Trade Deal with Mexico Will Happen this Week or Wait Until Next Year

Trump hints US and Mexico on verge of trade agreement amid NAFTA renegotiation
AFP

Trade negotiations with Mexico have reached a critical juncture.

A trade deal will need to be announced this week or will likely have to wait until next year, according to Trump administration officials.

Under U.S. rules governing trade deals, President Donald Trump is required to give Congress 90 days notice of its intent to sign a trade agreement. Both Mexican and U.S. officials hope to sign a new agreement before December 1, 2018, when Mexico’s new president, Andrés Manuel López Obrador, takes office.

“That effectively makes next week the drop-dead point,” one person familiar with the thinking inside the Trump administration said.

Obrador has told Trump that he would like the deal completed before he takes office. Any deal that would be signed after Obrador takes office is likely to involve renegotiating certain provisions to reflect the new president’s populist mandate.

“If it doesn’t get done, it isn’t a disaster. We could still get a deal done in the next administration but everyone wants this done this year, before December first,” the person said.

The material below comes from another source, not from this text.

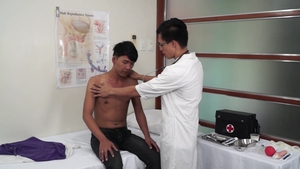 Doctor Twink: Raw fucking as well as stiff asian doctor Freddy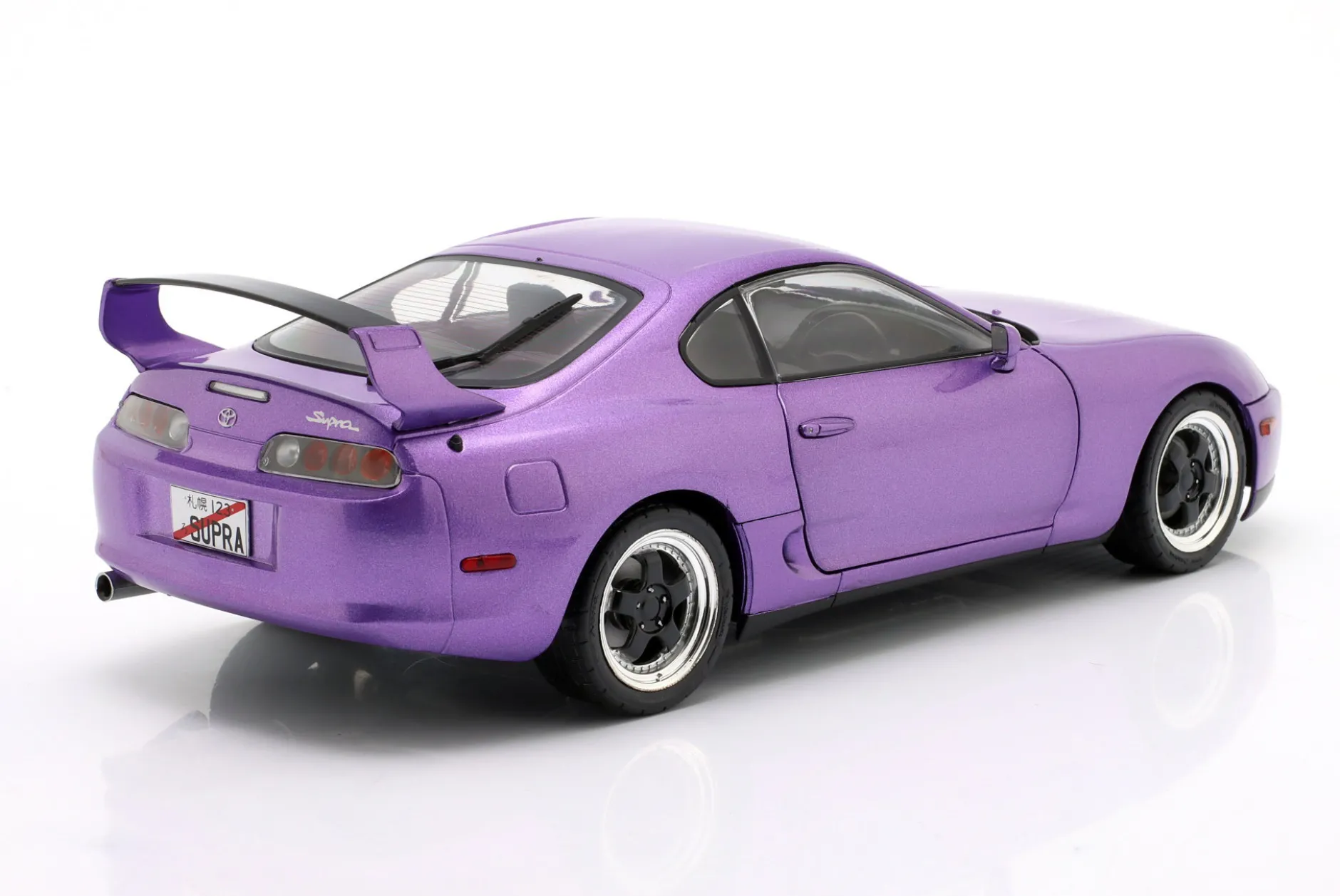 Toyota Supra Mk IV (A80) Baujahr 1993 lila metallic 1:18 Solido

It still is unclear if the Trump administration may strike a side deal with Mexico or attempt to get Canada to sign onto changes with NAFTA, according to people briefed on the matter. The U.S. may try to force Canada to go along with changes to NAFTA by presenting the deal with Mexico as a done deal, threatening to exit NAFTA if Canada doesn’t go along with the deal.

“Canada’s worst fear is a bilateral deal between the U.S. and Mexico that leaves our northern neighbors out in the cold,” a former U.S. trade official said. That, however, is not without risk. Canada may react to any perceived coercion by hardening its stance against U.S. demands. Canadian Prime Minister Justin Trudeau faces domestic political pressure to stand up to Trump.

But even if Canada balks, that might not be so bad. The U.S. could strike a bilateral deal with Mexico more quickly than it could revise NAFTA. And the NAFTA likely would require a vote by Congress that wouldn’t take place until at least next year, when the new Congress is seated.